Transcribe each record exactly. Include every one.

-*-*-

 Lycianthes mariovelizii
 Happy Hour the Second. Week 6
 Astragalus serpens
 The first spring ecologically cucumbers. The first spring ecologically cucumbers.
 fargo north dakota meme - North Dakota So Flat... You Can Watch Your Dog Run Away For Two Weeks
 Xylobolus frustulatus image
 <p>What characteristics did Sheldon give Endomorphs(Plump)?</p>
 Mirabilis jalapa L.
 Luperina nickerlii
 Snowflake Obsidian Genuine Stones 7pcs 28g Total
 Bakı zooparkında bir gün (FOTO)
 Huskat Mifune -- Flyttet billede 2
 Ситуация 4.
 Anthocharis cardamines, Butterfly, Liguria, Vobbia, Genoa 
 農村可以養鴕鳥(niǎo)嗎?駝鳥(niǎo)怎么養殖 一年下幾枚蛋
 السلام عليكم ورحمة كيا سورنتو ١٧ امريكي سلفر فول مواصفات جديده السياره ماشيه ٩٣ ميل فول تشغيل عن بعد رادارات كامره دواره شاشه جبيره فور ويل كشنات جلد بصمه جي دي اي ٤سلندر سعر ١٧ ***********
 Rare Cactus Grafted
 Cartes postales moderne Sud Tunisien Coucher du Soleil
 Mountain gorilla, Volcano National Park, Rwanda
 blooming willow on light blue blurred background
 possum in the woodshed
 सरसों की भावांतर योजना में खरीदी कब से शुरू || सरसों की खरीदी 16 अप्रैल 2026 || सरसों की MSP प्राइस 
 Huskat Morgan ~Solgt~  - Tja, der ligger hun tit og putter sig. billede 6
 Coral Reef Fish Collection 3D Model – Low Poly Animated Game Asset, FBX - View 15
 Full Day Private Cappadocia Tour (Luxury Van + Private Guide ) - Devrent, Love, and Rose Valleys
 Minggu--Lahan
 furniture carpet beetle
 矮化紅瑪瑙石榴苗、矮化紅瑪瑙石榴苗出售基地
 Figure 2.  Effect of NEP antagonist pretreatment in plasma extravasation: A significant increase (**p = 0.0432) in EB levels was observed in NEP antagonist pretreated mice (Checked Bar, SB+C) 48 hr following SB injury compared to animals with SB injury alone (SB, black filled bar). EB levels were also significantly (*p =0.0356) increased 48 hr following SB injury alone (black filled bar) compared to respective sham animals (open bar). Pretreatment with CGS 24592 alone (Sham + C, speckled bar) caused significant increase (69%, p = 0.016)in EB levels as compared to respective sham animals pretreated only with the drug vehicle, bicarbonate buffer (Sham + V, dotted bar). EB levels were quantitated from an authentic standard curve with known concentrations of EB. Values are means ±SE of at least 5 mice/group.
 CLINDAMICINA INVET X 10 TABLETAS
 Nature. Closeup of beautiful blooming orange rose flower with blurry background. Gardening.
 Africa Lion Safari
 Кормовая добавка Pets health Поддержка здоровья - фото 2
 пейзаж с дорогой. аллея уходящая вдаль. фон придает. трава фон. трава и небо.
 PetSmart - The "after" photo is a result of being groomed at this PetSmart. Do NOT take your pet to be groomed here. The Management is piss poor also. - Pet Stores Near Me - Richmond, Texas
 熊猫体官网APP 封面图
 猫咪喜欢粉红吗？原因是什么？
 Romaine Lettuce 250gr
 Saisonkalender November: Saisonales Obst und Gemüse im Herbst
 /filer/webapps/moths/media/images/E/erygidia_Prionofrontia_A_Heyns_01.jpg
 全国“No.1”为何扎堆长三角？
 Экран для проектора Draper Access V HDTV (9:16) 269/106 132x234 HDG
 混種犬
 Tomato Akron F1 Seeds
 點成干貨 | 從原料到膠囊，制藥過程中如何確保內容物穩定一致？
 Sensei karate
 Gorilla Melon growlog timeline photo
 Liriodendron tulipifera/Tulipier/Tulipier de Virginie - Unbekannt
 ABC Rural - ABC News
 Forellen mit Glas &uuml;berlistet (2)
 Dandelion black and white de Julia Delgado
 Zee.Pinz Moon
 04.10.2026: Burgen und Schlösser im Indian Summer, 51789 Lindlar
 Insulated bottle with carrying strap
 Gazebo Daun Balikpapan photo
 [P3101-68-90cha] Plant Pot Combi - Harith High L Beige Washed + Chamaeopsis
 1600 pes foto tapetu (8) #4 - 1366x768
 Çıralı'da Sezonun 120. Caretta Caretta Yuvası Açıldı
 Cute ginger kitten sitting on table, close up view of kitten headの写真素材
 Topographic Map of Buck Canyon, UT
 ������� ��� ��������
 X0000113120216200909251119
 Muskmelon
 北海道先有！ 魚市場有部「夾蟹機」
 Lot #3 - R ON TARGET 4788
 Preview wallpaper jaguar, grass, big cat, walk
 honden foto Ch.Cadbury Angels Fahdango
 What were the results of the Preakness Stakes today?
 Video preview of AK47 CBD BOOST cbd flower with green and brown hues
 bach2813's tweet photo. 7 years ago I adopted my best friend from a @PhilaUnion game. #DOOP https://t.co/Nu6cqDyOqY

-*-*-

__COMPLETED EXERCISE__:
 Lycianthes mariovelizii
 Happy Hour the Second. Week 6
 Astragalus serpens
 The first spring ecologically cucumbers. The first spring ecologically cucumbers.
 fargo north dakota meme - North Dakota So Flat... You Can Watch Your Dog Run Away For Two Weeks
 Xylobolus frustulatus image
 <p>What characteristics did Sheldon give Endomorphs(Plump)?</p>
 Mirabilis jalapa L.
 Luperina nickerlii
 Snowflake Obsidian Genuine Stones 7pcs 28g Total
 Bakı zooparkında bir gün (FOTO)
 Huskat Mifune -- Flyttet billede 2
 Ситуация 4.
 Anthocharis cardamines, Butterfly, Liguria, Vobbia, Genoa 
 農村可以養鴕鳥(niǎo)嗎?駝鳥(niǎo)怎么養殖 一年下幾枚蛋
 السلام عليكم ورحمة كيا سورنتو ١٧ امريكي سلفر فول مواصفات جديده السياره ماشيه ٩٣ ميل فول تشغيل عن بعد رادارات كامره دواره شاشه جبيره فور ويل كشنات جلد بصمه جي دي اي ٤سلندر سعر ١٧ ***********
 Rare Cactus Grafted
 Cartes postales moderne Sud Tunisien Coucher du Soleil
 Mountain gorilla, Volcano National Park, Rwanda
 blooming willow on light blue blurred background
 possum in the woodshed
 सरसों की भावांतर योजना में खरीदी कब से शुरू || सरसों की खरीदी 16 अप्रैल 2026 || सरसों की MSP प्राइस 
 Huskat Morgan ~Solgt~  - Tja, der ligger hun tit og putter sig. billede 6
 Coral Reef Fish Collection 3D Model – Low Poly Animated Game Asset, FBX - View 15
 Full Day Private Cappadocia Tour (Luxury Van + Private Guide ) - Devrent, Love, and Rose Valleys
 Minggu--Lahan
 furniture carpet beetle
 矮化紅瑪瑙石榴苗、矮化紅瑪瑙石榴苗出售基地
 Figure 2.  Effect of NEP antagonist pretreatment in plasma extravasation: A significant increase (**p = 0.0432) in EB levels was observed in NEP antagonist pretreated mice (Checked Bar, SB+C) 48 hr following SB injury compared to animals with SB injury alone (SB, black filled bar). EB levels were also significantly (*p =0.0356) increased 48 hr following SB injury alone (black filled bar) compared to respective sham animals (open bar). Pretreatment with CGS 24592 alone (Sham + C, speckled bar) caused significant increase (69%, p = 0.016)in EB levels as compared to respective sham animals pretreated only with the drug vehicle, bicarbonate buffer (Sham + V, dotted bar). EB levels were quantitated from an authentic standard curve with known concentrations of EB. Values are means ±SE of at least 5 mice/group.
 CLINDAMICINA INVET X 10 TABLETAS
 Nature. Closeup of beautiful blooming orange rose flower with blurry background. Gardening.
 Africa Lion Safari
 Кормовая добавка Pets health Поддержка здоровья - фото 2
 пейзаж с дорогой. аллея уходящая вдаль. фон придает. трава фон. трава и небо.
 PetSmart - The "after" photo is a result of being groomed at this PetSmart. Do NOT take your pet to be groomed here. The Management is piss poor also. - Pet Stores Near Me - Richmond, Texas
 熊猫体官网APP 封面图
 猫咪喜欢粉红吗？原因是什么？
 Romaine Lettuce 250gr
 Saisonkalender November: Saisonales Obst und Gemüse im Herbst
 /filer/webapps/moths/media/images/E/erygidia_Prionofrontia_A_Heyns_01.jpg
 全国“No.1”为何扎堆长三角？
 Экран для проектора Draper Access V HDTV (9:16) 269/106 132x234 HDG
 混種犬
 Tomato Akron F1 Seeds
 點成干貨 | 從原料到膠囊，制藥過程中如何確保內容物穩定一致？
 Sensei karate
 Gorilla Melon growlog timeline photo
 Liriodendron tulipifera/Tulipier/Tulipier de Virginie - Unbekannt
 ABC Rural - ABC News
 Forellen mit Glas &uuml;berlistet (2)
 Dandelion black and white de Julia Delgado
 Zee.Pinz Moon
 04.10.2026: Burgen und Schlösser im Indian Summer, 51789 Lindlar
 Insulated bottle with carrying strap
 Gazebo Daun Balikpapan photo
 [P3101-68-90cha] Plant Pot Combi - Harith High L Beige Washed + Chamaeopsis
 1600 pes foto tapetu (8) #4 - 1366x768
 Çıralı'da Sezonun 120. Caretta Caretta Yuvası Açıldı
 Cute ginger kitten sitting on table, close up view of kitten headの写真素材
 Topographic Map of Buck Canyon, UT
 ������� ��� ��������
 X0000113120216200909251119
 Muskmelon
 北海道先有！ 魚市場有部「夾蟹機」
 Lot #3 - R ON TARGET 4788
 Preview wallpaper jaguar, grass, big cat, walk
 honden foto Ch.Cadbury Angels Fahdango
 What were the results of the Preakness Stakes today?
 Video preview of AK47 CBD BOOST cbd flower with green and brown hues
 bach2813's tweet photo. 7 years ago I adopted my best friend from a @PhilaUnion game. #DOOP https://t.co/Nu6cqDyOqY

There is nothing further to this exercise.